• _Crawled caption data_:
***

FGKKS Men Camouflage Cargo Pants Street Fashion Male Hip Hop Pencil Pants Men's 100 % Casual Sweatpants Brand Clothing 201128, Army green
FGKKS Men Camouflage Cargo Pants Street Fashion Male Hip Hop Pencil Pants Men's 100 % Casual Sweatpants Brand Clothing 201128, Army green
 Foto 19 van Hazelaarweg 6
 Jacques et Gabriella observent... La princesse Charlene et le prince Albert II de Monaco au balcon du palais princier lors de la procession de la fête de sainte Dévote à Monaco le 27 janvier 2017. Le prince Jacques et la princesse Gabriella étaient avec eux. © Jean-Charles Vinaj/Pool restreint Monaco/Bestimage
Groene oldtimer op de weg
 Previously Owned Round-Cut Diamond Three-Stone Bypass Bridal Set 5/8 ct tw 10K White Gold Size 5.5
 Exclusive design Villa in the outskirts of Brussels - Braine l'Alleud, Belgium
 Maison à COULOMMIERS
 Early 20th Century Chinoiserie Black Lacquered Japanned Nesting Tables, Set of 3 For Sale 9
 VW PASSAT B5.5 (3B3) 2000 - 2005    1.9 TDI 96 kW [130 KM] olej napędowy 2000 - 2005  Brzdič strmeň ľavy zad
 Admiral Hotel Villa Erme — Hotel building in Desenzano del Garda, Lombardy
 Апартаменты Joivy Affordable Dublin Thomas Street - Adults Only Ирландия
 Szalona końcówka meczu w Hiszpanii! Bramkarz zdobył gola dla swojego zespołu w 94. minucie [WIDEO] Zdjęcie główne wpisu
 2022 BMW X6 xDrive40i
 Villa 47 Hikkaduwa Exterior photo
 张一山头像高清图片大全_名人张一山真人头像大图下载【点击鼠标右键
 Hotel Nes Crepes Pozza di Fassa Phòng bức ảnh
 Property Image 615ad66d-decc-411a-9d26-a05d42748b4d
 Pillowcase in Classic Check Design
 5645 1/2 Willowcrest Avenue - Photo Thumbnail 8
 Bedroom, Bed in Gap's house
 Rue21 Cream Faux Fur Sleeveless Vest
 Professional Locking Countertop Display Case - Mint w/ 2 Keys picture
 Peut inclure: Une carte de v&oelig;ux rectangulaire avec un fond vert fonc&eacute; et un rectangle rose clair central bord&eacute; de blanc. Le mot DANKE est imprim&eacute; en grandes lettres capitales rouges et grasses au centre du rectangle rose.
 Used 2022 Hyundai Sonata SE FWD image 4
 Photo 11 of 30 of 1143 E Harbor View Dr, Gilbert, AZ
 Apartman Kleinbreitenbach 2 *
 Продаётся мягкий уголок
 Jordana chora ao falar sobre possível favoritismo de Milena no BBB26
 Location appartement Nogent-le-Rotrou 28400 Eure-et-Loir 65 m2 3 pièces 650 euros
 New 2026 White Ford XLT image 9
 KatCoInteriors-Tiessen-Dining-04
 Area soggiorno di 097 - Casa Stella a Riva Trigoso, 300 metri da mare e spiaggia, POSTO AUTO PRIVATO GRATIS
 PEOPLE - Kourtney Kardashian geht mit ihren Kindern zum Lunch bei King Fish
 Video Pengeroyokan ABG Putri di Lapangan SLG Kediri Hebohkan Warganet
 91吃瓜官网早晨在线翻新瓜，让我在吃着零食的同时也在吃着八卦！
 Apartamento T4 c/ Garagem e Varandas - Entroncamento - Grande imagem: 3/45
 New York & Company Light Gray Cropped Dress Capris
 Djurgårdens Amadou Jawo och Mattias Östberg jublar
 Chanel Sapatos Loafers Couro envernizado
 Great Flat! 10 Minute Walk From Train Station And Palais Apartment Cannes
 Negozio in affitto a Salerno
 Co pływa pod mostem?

***

• _Problem to solve_: Taking the entries above, restate exactly those lines that fall between the line with "Admiral Hotel Villa" and the line with "Hotel Nes Crepes", keeping both of those lines too.

• _Worked solution_:
 Admiral Hotel Villa Erme — Hotel building in Desenzano del Garda, Lombardy
 Апартаменты Joivy Affordable Dublin Thomas Street - Adults Only Ирландия
 Szalona końcówka meczu w Hiszpanii! Bramkarz zdobył gola dla swojego zespołu w 94. minucie [WIDEO] Zdjęcie główne wpisu
 2022 BMW X6 xDrive40i
 Villa 47 Hikkaduwa Exterior photo
 张一山头像高清图片大全_名人张一山真人头像大图下载【点击鼠标右键
 Hotel Nes Crepes Pozza di Fassa Phòng bức ảnh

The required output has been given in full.